The Plantation Act 1740 (Note: Referring to colonies) or the Naturalization Act 1740 (Note: The act received royal assent in 1740. However, it was formally dated as 1739 in older official uses because acts passed before the Acts of Parliament (Commencement) Act 1793 came into force, acts were dated by the year in which the relevant parliamentary session began, which, in this case, was 1739.) (13 Geo. 2. c. 7) was an act of the Parliament of Great Britain that was officially titled An Act for Naturalizing such foreign Protestants and others therein mentioned, as are settled or shall settle in any of His Majesty's Colonies in America.

The act became effective on 1 June 1740 and allowed any Protestant alien residing in any of their American colonies for seven years, without being absent from that colony for more than two months, to be deemed "his Majesty’s natural-born subjects of this Kingdom."

The act also required making specific declarations concerning royal allegiance and succession, profession of the Christian faith, and the payment of two shillings. Compared to other alternatives available at the time, the act provided a cheap and easy method of imperial naturalization, and by the standards of the time, the length of residency was not unreasonable.

== Background ==
Reflecting the situation in Britain, the necessary profession of Christian faith was distinctly Protestant and specifically Anglican. The act was not intended for conscientious Roman Catholics, and they were referred to in the law as Papists. Exceptions however for non-conforming religious scruples and conscience were made, in the case of Quakers and Jews.
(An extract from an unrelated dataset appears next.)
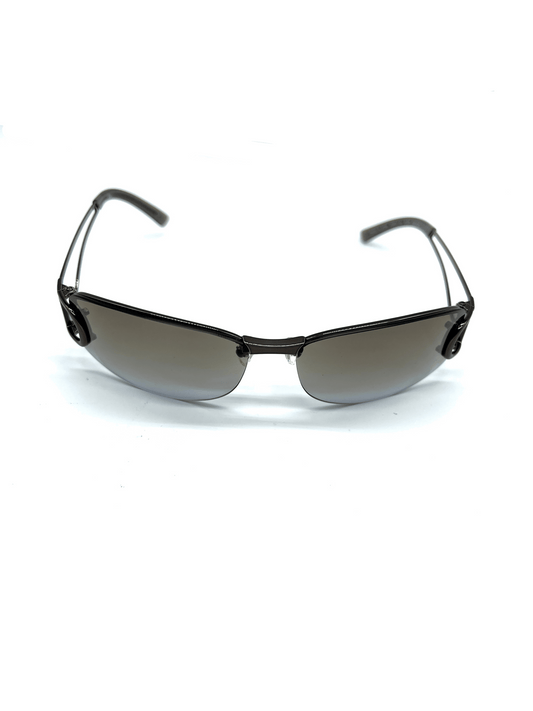Dior 'Diorly' Brown Sunglasses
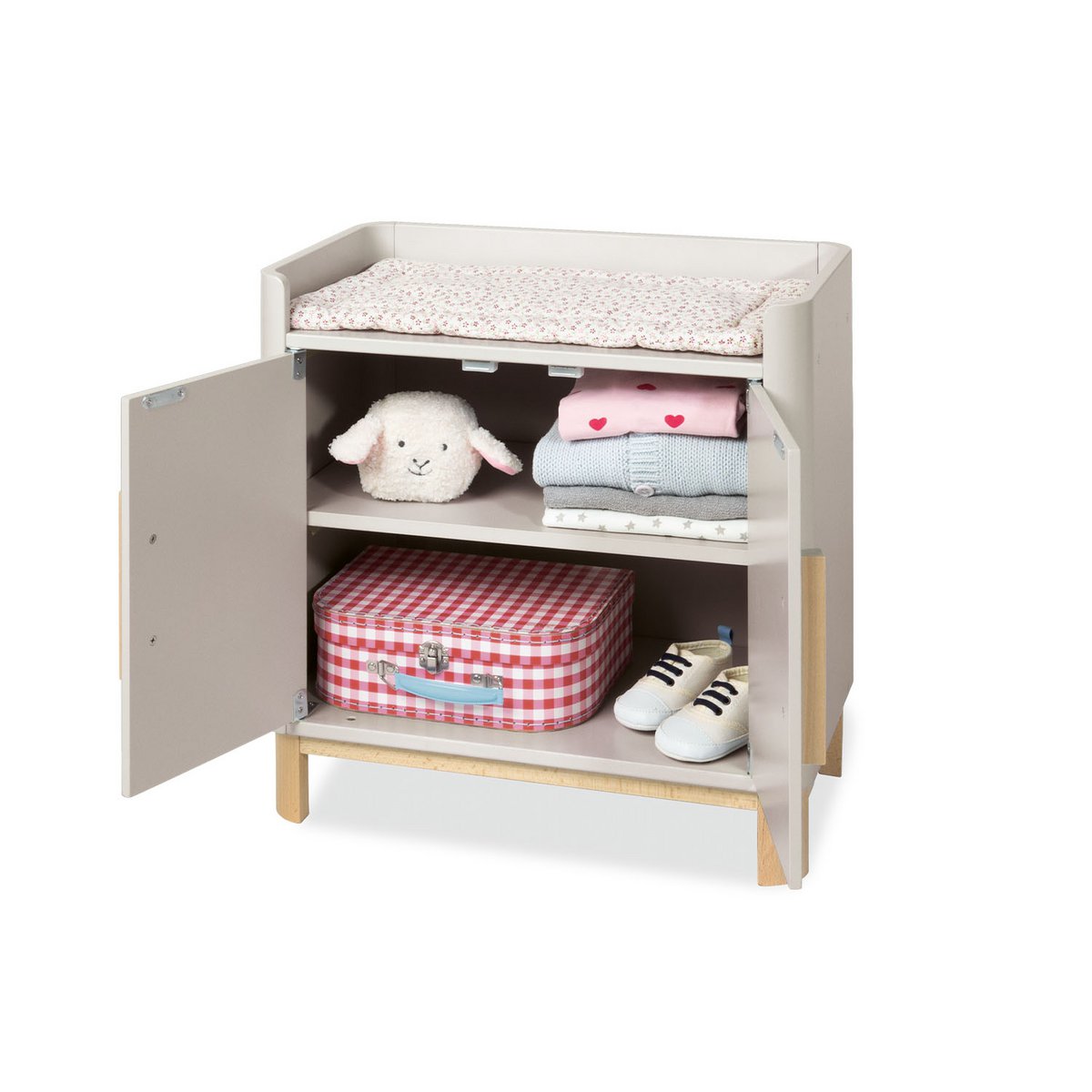 Pinolino Poppencommode Malea – 2-delig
Adherents of both faiths were allowed to dispense with the Sacramental test, with the former being allowed to affirm the oaths, and the latter being relieved of the obligation to repeat the words 'Upon the true faith of a Christian', at the end of the Oath of Abjuration required by the Act of Settlement since 1701.

== Contents ==
The act was enacted to systematise naturalization procedures in all localities as well as to encourage immigration to the American colonies. It provided a workable naturalization procedure by empowering colonial courts to administer the oath of allegiance to aliens. The act endowed colonial courts with the responsibility of deciding when alien petitioners had fulfilled the statutory requirements for imperial citizenship.

The Secretaries of Colonies were required, under penalty, to send annual lists of such persons to the Commissioners of Trade and Plantations. In proprietary colonies, the judges were appointed by colonial governors and thus represented the royal or proprietary interest. However, by delegating authority to colonial officials, naturalization became subject to the pressure of the same local interest groups that increasingly defied the governor's efforts to implement royal and proprietary instructions on other issues. Despite the penalties imposed under the act, only six Secretaries of the thirteen American Colonies and one in the West Indies submitted the mandated lists.

== Development ==
In England during the 17th and 18th centuries, several basic statutes applied to naturalization, but these statutes would not include many aliens in the colonies who were considered an integral part of the colonial communities. Over the same time period, the American provinces (except New Hampshire) passed their own naturalization laws, which granted citizenship to people living within their province. These laws were based more on local colonial interpretations of community citizenship than on stricter considerations in the mother-country. but they gave no rights beyond their borders. This situation was initially accepted as positive and workable in England, but proved to be too inconsistent with and broader imperial intentions as time passed.

== Subsequent developments ==
Britain began withdrawing support to promote immigration to the colonies at the end of the Seven Years' War. Colonial implementation both before and after the Plantation Act tended to ignore, evade, and reshape English regulations, thus vitiating many policy decisions and generating a chaotic array of citizenship procedures. The Navigation Acts were a particular target for evasion, since they were seen as acting more as restraint on both colonial naturalization and its peoples' ability to take part fully in the economy. Colonial naturalization of aliens was outright forbidden in December 1773, under any conditions. A ban on royal land grants, initiated earlier in 1773, was made final in February 1774.

The colonial naturalization laws and the Plantation Act, during its nearly 30-year utilisation would define British North America as a refuge and land of opportunity, The prohibition on naturalizing foreigners under the act was considered intolerable, and would be included, inter alia, in the grievances listed in the Declaration of Independence, though some consider that surprising. Despite being a British law, the Plantation Act "was the model upon which the Naturalization Act of 1790, the first U.S. naturalization act, with respect to time, oath of allegiance, process of swearing before a judge, and the like, was clearly based."

The whole act was repealed by section 18 of, and the schedule to, the Naturalization Act 1870 (33 & 34 Vict. c. 14).